Someone or something insisted I find her. I left my job, my home, eventually most of my possessions. Reduced to a suitcase I still remained smitten. Seeking her, I drank too much wine.
In a cheap hotel room she appeared and made me promises. That she would be with me until enlightenment. I felt protected and safe. I let her come though my handwriting. I wanted to share her.
Each morning I never stopped praying to the guru and Moon Lake of Enlightenment. I lost all my furniture and accoutrements. Wandered back to Istanbul. I was almost killed by a streetcar.
Along with the streetcar, a seizure left me comatose and a suffering in my lonely stomach caused heat and cold to inverse and I nearly froze to death.
She appeared slowly as I wandered from Bangkok to Sihanoukville and then to Phnom Penh. Each day in meditation she dropped a new clue. Sometimes she told me to get a good meal.
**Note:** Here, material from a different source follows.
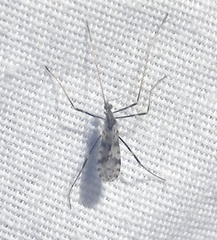 Erioptera graphica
And then she began to emerge.
From her intangible birth canal she showed my her parasol, her cat eyes, her braided black hair. The next day she appeared - ineffable, luminous, eternally loving, without an atom of distress, looking at me very close and indescribably present.
Later on, satisfied that she was with me I did get a meal. Hired a motorbike taxi, took a long walk after drinking sugar cane juice, got caught in the rain. Took shelter under the tarp of a Cambodian grandmother, another form of Moon Lake of Enlightenment.
She is a vision, a samaya holder, a seven day-long movie I had the privilege to behold. Poetry taught me love the marginal. Thanks to poetry I found her.